Kids have a way of noticing--and pointing out--the differences between their skin and someone else's. 

When my son was in pre-k someone told him his skin looked like brown sugar. "So you're sweet?" I asked him what this someone's skin looked like...

"Hmmmm...kind of like a peach milkshake.," he answered. "Sweet too!" 

Where adults sometimes shy away from describing skin color (aside from black, white, and brown), many resources are now embracing how kids comfortably conversate about the very subtle differences in race. If you haven't heard the Color of Me song from Sesame Street, where Segi sings "my skin it is a dark, dark's like a chestnut horse...horses are so know its true of course," click HERE and get ready to jam out!. 

There's also The Color of Us by Karen Katz, the wonderful author/illustrator of kids books like Can You Say Peace. In it, seven-year-old Lena wants to paint a picture of herself, using brown paint for her skin. But when she and her mother take a walk through the neighborhood, Lena learns that brown comes in many different shades (think: cinnamon, honey, and pizza crust).



So, here's the thing: There’s evidence that parents who make race okay to talk about help their kids develop more positive attitudes about people of other races. But we all know, that's easier said than done.  
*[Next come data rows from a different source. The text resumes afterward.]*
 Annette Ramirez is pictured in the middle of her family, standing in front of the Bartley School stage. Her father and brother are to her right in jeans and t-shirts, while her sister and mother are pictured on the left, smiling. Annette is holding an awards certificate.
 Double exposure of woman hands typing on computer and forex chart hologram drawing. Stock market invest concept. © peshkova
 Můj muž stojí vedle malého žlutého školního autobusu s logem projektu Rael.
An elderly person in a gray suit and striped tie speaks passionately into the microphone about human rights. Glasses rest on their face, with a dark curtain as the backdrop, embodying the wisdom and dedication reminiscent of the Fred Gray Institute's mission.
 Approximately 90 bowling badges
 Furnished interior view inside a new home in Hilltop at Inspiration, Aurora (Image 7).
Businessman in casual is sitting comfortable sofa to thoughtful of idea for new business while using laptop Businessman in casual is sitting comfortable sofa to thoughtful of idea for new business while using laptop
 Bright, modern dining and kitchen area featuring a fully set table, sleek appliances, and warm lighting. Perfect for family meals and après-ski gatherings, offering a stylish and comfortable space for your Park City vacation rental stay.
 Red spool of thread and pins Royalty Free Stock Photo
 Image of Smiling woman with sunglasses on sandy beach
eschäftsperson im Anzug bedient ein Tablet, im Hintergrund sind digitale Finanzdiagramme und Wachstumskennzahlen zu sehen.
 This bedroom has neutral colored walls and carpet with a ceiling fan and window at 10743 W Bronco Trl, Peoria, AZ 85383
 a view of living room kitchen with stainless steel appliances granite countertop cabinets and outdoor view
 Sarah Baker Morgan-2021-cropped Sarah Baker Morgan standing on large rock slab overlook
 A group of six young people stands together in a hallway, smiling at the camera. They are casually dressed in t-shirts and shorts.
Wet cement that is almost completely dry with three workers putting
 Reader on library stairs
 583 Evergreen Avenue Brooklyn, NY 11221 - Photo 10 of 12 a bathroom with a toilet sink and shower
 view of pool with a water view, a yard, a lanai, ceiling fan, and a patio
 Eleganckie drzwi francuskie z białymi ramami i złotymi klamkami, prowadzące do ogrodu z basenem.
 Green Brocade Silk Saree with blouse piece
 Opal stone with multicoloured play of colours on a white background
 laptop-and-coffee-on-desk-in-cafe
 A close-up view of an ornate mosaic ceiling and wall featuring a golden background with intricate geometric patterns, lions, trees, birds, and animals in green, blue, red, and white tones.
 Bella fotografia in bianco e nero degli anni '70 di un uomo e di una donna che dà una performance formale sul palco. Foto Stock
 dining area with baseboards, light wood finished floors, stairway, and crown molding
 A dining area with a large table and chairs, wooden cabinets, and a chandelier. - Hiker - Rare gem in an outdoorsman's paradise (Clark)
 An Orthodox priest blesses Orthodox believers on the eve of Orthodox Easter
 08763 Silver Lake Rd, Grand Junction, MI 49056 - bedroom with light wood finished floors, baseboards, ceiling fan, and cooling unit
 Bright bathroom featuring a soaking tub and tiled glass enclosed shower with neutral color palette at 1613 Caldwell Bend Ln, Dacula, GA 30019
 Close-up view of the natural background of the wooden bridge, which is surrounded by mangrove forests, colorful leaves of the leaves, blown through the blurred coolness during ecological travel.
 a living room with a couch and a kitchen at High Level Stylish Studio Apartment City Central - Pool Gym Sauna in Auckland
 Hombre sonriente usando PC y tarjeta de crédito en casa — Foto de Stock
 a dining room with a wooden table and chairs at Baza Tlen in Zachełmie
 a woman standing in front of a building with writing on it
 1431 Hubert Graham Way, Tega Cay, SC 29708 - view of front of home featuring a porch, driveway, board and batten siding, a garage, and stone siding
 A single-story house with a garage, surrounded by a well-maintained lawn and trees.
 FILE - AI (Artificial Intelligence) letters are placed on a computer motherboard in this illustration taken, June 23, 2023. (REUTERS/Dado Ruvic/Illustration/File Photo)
Exposure through cultural events is a start, but going to these events just because might defeat the purpose. Explain to your kids why your family is going and why you'll be surrounded by people with different skin colors. Another idea is to not be hesitant about identifying and naming race as part of your description of the world. Red truck, blue bear, honey brown girl... This makes skin color talk natural and ultimately a non-issue. Kids eventually want to know if the red truck goes fast, if the blue bear talks, and what lies in the heart of the honey brown girl.